Data items:
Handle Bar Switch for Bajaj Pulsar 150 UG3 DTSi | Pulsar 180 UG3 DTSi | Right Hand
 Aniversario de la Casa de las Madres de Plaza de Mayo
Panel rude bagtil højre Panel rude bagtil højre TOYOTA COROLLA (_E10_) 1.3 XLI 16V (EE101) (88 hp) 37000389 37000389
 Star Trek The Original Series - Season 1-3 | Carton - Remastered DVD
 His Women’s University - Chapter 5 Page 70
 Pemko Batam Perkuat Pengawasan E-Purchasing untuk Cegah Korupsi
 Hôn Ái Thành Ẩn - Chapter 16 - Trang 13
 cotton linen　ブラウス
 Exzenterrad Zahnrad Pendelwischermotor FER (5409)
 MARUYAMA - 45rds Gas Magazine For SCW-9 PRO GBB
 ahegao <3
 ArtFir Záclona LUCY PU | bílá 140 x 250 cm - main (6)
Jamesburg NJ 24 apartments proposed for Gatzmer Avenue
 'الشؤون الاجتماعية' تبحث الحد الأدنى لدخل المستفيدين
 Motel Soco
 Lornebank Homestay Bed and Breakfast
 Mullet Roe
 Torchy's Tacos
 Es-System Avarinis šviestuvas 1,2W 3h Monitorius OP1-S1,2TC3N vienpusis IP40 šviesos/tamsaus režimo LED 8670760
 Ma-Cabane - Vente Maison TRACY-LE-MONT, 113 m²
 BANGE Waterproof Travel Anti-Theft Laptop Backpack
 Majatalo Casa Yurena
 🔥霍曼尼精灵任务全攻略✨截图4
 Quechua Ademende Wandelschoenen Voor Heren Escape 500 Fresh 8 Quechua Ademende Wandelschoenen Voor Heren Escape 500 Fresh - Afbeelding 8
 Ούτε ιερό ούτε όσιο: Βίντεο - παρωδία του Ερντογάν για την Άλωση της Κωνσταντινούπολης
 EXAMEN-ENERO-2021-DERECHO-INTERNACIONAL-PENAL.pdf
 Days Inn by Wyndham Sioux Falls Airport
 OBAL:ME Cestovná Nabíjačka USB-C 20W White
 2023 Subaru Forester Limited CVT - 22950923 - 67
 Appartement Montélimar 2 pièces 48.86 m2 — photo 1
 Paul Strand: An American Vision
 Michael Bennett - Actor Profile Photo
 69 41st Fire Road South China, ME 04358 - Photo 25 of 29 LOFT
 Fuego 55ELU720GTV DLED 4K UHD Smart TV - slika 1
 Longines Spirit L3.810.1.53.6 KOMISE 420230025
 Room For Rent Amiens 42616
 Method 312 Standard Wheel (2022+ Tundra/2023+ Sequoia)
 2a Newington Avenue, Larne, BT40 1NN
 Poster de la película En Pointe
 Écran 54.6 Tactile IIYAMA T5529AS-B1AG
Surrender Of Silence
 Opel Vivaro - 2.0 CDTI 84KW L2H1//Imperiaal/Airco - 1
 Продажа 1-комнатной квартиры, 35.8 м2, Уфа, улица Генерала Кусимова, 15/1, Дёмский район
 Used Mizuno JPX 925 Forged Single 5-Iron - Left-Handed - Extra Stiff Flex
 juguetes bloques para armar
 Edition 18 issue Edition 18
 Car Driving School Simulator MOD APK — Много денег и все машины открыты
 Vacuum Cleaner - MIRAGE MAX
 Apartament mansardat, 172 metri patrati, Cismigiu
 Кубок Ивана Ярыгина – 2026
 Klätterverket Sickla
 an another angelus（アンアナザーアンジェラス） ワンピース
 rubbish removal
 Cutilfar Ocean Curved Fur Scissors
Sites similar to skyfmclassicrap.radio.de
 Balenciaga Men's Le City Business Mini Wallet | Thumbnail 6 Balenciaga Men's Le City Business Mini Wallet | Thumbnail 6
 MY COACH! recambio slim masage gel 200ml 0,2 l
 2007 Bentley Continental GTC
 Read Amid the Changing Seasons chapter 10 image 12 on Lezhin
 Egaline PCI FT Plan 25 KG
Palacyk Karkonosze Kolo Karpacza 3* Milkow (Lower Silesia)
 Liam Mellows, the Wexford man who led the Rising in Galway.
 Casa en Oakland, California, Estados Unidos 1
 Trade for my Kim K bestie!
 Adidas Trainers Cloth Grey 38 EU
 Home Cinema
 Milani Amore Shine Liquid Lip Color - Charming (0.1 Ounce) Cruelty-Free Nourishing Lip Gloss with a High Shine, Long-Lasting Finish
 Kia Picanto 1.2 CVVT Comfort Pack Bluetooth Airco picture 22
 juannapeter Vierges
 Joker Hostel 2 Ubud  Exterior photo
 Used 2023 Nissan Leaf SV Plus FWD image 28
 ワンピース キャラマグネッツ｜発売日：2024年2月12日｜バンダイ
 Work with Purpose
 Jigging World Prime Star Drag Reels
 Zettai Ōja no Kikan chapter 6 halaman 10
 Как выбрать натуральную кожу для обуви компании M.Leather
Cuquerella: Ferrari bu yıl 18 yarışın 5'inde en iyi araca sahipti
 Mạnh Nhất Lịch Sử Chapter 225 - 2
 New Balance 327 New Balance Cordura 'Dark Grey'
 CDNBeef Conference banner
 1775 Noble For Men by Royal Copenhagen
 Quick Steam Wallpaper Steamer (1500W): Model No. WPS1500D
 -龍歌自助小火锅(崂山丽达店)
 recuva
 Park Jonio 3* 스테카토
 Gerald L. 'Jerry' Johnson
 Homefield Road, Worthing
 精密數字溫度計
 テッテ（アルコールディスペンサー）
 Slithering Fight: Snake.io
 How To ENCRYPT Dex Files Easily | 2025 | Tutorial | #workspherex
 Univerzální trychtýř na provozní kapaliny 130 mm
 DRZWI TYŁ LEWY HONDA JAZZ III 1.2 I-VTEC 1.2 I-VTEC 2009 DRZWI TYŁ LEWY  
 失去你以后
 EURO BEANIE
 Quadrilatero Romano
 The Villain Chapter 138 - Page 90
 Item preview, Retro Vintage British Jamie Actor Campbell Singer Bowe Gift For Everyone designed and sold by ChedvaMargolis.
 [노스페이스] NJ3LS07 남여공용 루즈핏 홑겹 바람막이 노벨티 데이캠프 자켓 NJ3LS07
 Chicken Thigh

## Try it
What is needed is an exact copy of the entries above, from the first line through the line holding "ArtFir Záclona LUCY", with both of those lines kept; please give nothing else.

## Response to this task
Handle Bar Switch for Bajaj Pulsar 150 UG3 DTSi | Pulsar 180 UG3 DTSi | Right Hand
 Aniversario de la Casa de las Madres de Plaza de Mayo
Panel rude bagtil højre Panel rude bagtil højre TOYOTA COROLLA (_E10_) 1.3 XLI 16V (EE101) (88 hp) 37000389 37000389
 Star Trek The Original Series - Season 1-3 | Carton - Remastered DVD
 His Women’s University - Chapter 5 Page 70
 Pemko Batam Perkuat Pengawasan E-Purchasing untuk Cegah Korupsi
 Hôn Ái Thành Ẩn - Chapter 16 - Trang 13
 cotton linen　ブラウス
 Exzenterrad Zahnrad Pendelwischermotor FER (5409)
 MARUYAMA - 45rds Gas Magazine For SCW-9 PRO GBB
 ahegao <3
 ArtFir Záclona LUCY PU | bílá 140 x 250 cm - main (6)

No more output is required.